IETF - Email processing outage – Incident details

Email processing outage

Resolved
Operational
Started 8 days agoLasted about 4 hours

Affected

Mail Services

Major outage from 11:30 PM to 2:42 AM, Operational from 2:42 AM to 3:31 AM

Updates
  • Resolved
    Resolved

    At 23:00:00 UTC March 10, we performed what we expected to be a very
    safe maintenance reboot/move of our new mail service instance onto a
    more performant processor and file system. The reboot did not go as
    smoothly as expected and we had to perform some low-level recovery steps
    that took some time. We had exceptional help with that recovery from
    both our new hosting provider (Panix) and our new Sysadmin provider (New
    Machine Futures).

    While we were recovering, mail was spooled and delayed - we believe that
    no messages were lost during this event.

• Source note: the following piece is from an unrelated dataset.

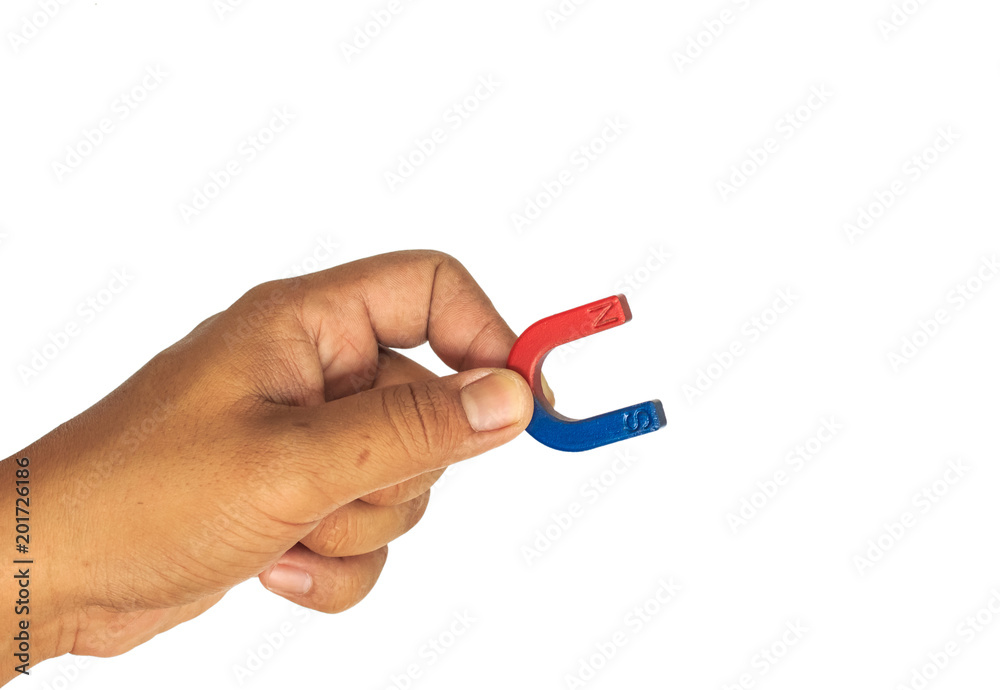 hand hold magnet on white background. hand hold magnet on white background.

    Recovery was complete around 0200 UTC March 11. Messages queued from the
    datatracker were resubmitted for delivery by 0230 UTC.

    After the unexpected disruption, the result is mail operations on a much
    more powerful underlying system in preparation for IETF 122.

    We continue to monitor the system closely. If you see anything that
    doesn't look as expected, please send a report to support@ietf.org.

  • Monitoring
    Monitoring
    We implemented a fix and are currently monitoring the result.
  • Investigating
    Investigating
    We are currently investigating this incident.